The Obama administration is pressing Congress to grant it Fast Track trade authority for the TPP, the largest Free Trade Agreement (FTA) in history. Meanwhile, the AFL-CIO is pressuring lawmakers to hold potential trading partners to comply with U.S. trade laws and international labor standards.
Under Fast Track, the public, lawmakers and others would have no input in a trade deal that would grant countries with troubling human and labor rights records greater trading privileges without having to first undertake fundamental reforms.
The highest labor standards the United States has embedded in FTAs require parties at a minimum to adopt and implement laws that protect the rights enshrined in the International Labor Organization’s (ILO’s) Declaration on Fundamental Principles and Rights at Work.

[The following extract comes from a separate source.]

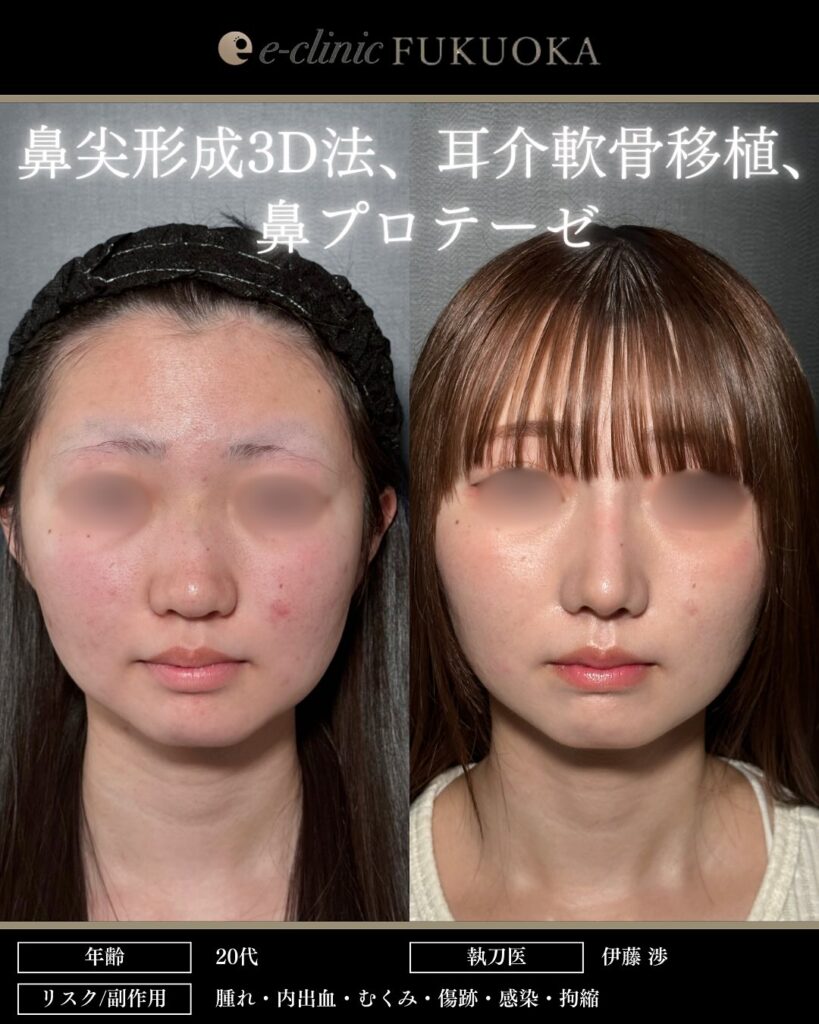 鼻尖形成3D法、耳介軟骨移植、鼻プロテーゼの症例写真 (1)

The report points out that previous FTAs have forced countries to compete on the basis of lowering labor costs and attracting business by ignoring, or in some cases actively interfering with, the fundamental labor rights.
By not requiring fundamental changes of these countries first, the TPP gives away leverage that could be used to protect workers and raise standards. If workers do not have the legal freedoms to act collectively, they will not be able to exert the power needed to raise wages, increase worker protections or gain the social policies necessary for the creation of a middle class and broadly shared prosperity.

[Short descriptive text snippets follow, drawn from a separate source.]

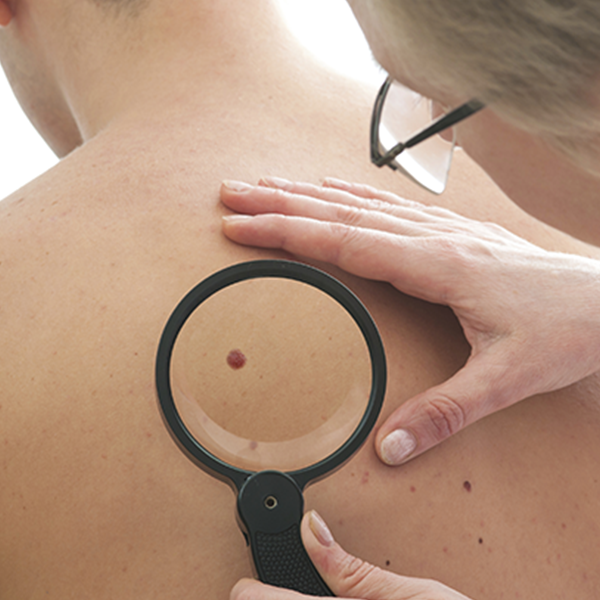Skin Cancer: Melanoma (Nurses, CCM, CRC, and WC CA approved) – 1.0 CE/Contact Hour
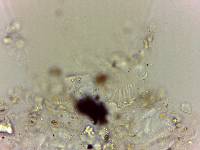 Echiniscoides sigismundi image
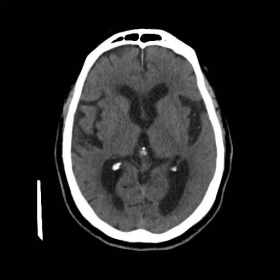 Cranial non-enhanced CT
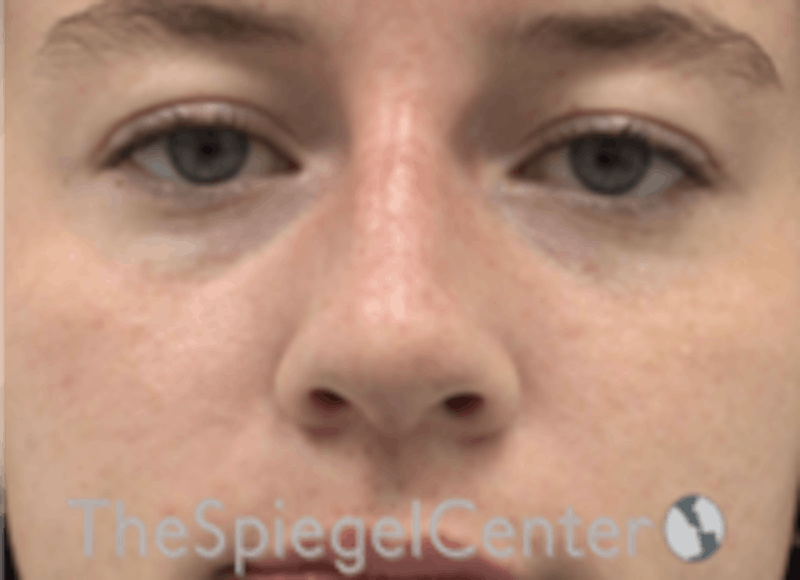 Non-Surgical Rhinoplasty / Nose Filler Before & After Gallery - Patient 157140745 - Image 2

Here are just some of the ways the four nations violate these core labor standards:
Mexico is currently facing a human and labor rights crisis. The recent disappearance of 43 students, now declared dead, from the teachers’ college in Ayotzinapa, Guerrero, by local police and criminal gangs is a horrific example of violence, corruption and dissolution of the rule of law. Corruption, abuse and impunity are also root causes of the near absence of genuine industrial relations in Mexico, which artificially depresses wages and limits economic growth. Many workers are covered by collective agreements (“protection contracts”) they have never seen or ratified through a vote. When workers attempt to organize independent unions, employer-dominated unions respond with threats and intimidation. Further, child labor, forced labor and inhumane working conditions exist on farms that export fresh produce into the United States, which is then sold at major retailers, including Walmart and Safeway.

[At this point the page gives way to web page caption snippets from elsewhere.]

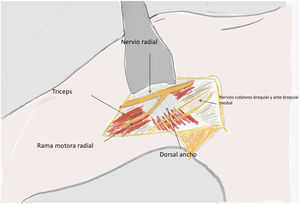 Abordaje axilar: esquema evidenciando la presencia de la primera rama motora del nervio radial sobre el tendón del Latissimus Dorsi.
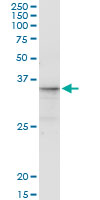 5 - CGREF1 Antibody (monoclonal) (M01) AT1510a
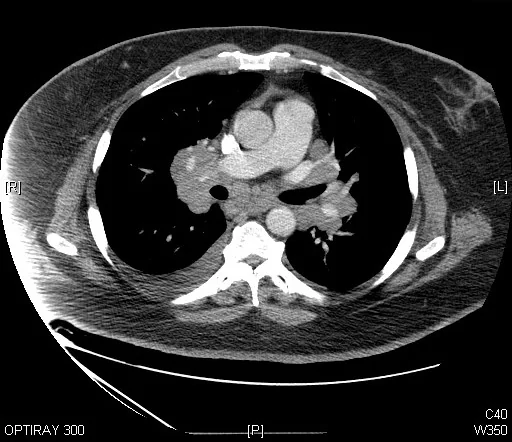 Axial contrast-enhanced CT of the chest showing multiple enlarged soft tissue density lymph nodes symmetrically distributed around both hila and throughout the mediastinum, adjacent to the airways and great vessels.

Malaysia has grave problems with forced labor and human trafficking, especially in the electronics, garment and palm oil sector, which also contains child labor. Malaysia currently has the lowest possible ranking—tier 3—in the U.S. State Department’s annual Trafficking in Persons report, meaning the government “does not fully comply with the minimum standards and is not making significant efforts to do so.” Because of this pervasive exploitation, virtually everyone who regularly uses electronics in the United States has come in contact with forced labor. Some of the most recognizable electronics brands source components from Malaysia, where about 28% of electronics workers toil in conditions of forced labor.
Vietnam has an authoritarian government that tightly controls political rights, freedom of speech and other civil liberties. The government maintains a prohibition on independent human rights organizations and other civil society groups and restricts union activity outside the official unions affiliated with the Communist Party of Vietnam’s Vietnam General Confederation of Labor (VGCL), which actually controls the union registration process. Vietnam also has significant problems with forced labor and child labor in the production of bricks and garments, Many of the clothes produced in Vietnam contain textiles from small workshops subcontracted to larger factories. These workshops frequently use child labor, including forced labor involving the trafficking of children from rural areas into cities.
Brunei is ruled by a repressive regime and offers few human rights protections. Last year, the sultan of Brunei, whose family has ruled Brunei for more than six centuries, imposed a strict penal code based on Sharia law. The Islamic criminal law includes punishments such as flogging, dismemberment and death by stoning for crimes such as adultery, alcohol consumption and homosexuality. Under emergency measures in place for 65 years, freedom of speech is severely limited and the country’s legislature has a limited role. Further, the government prohibits strikes, and the law makes no explicit provision for the right to collective bargaining.